- _Supplied entries_
[Start of section]
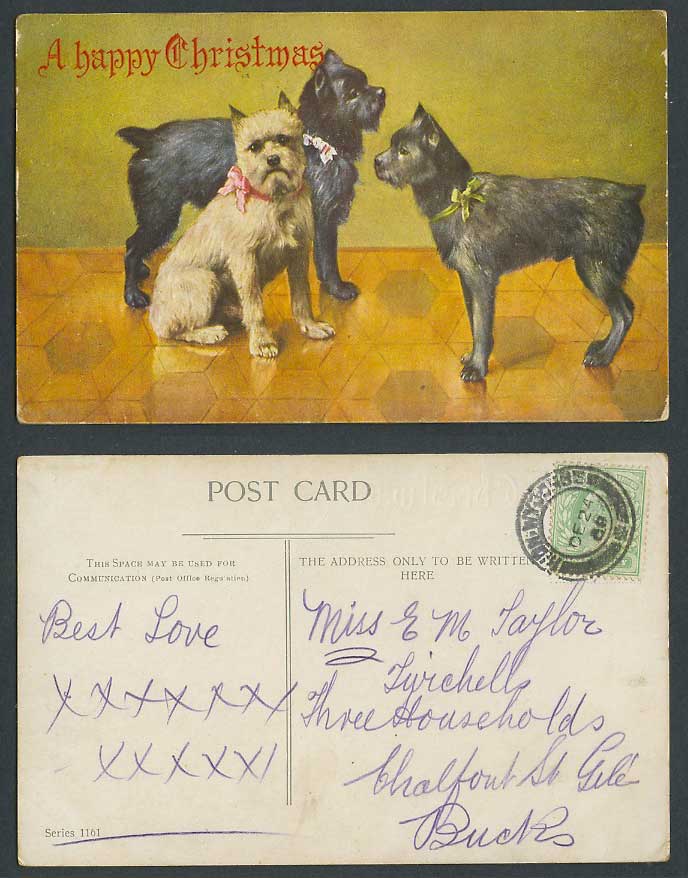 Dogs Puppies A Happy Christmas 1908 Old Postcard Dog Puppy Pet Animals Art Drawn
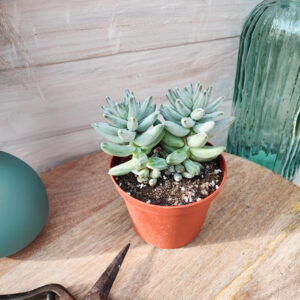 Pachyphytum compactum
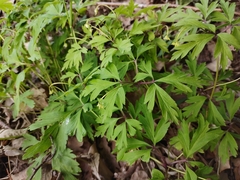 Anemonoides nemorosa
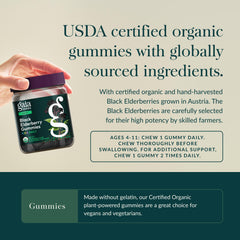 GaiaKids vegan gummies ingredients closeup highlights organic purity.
[End of section]
[Start of section]
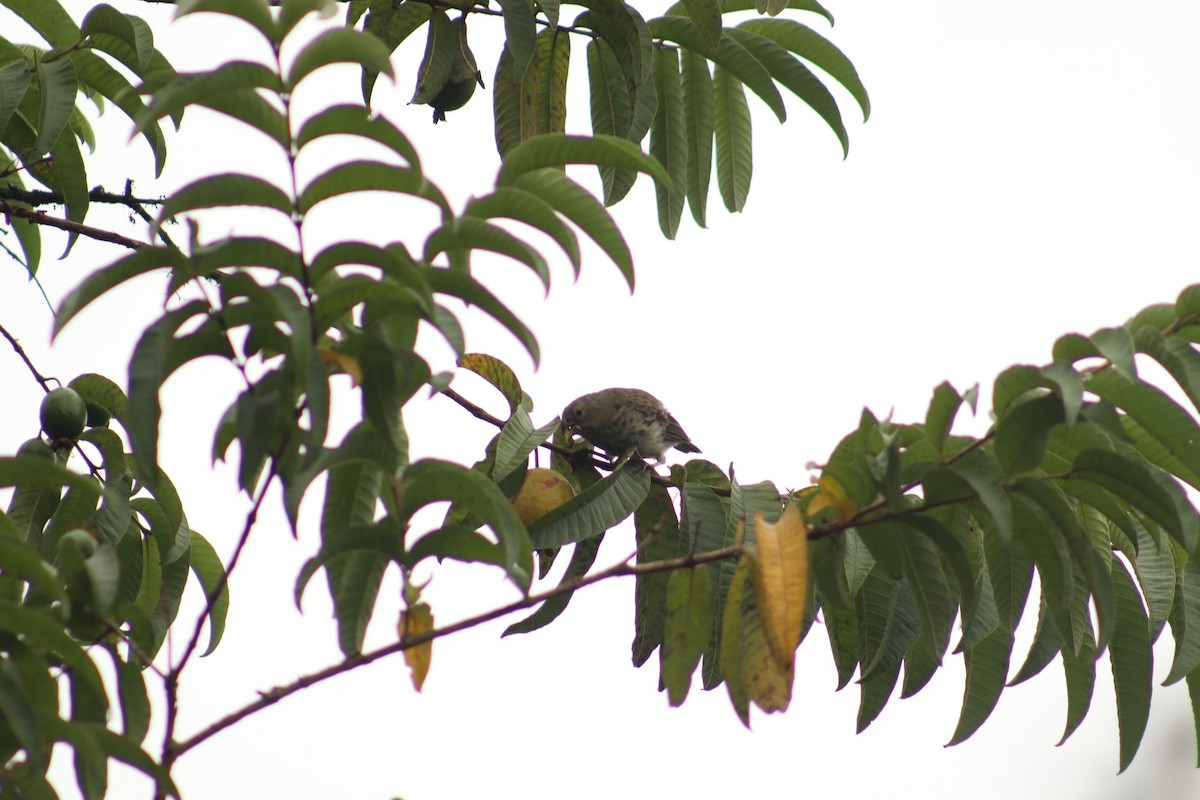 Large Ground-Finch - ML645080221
[End of section]
[Start of section]
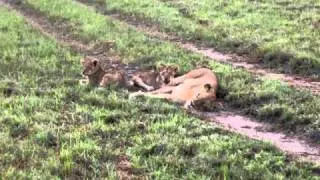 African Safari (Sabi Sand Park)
[End of section]
- _Problem_
In the records above, find the line with "Anemonoides nemorosa" and the line with "GaiaKids vegan gummies". Write out exactly those lines and every one between, with no pictures and no other lines.

- _Response box_
 Anemonoides nemorosa
 GaiaKids vegan gummies ingredients closeup highlights organic purity.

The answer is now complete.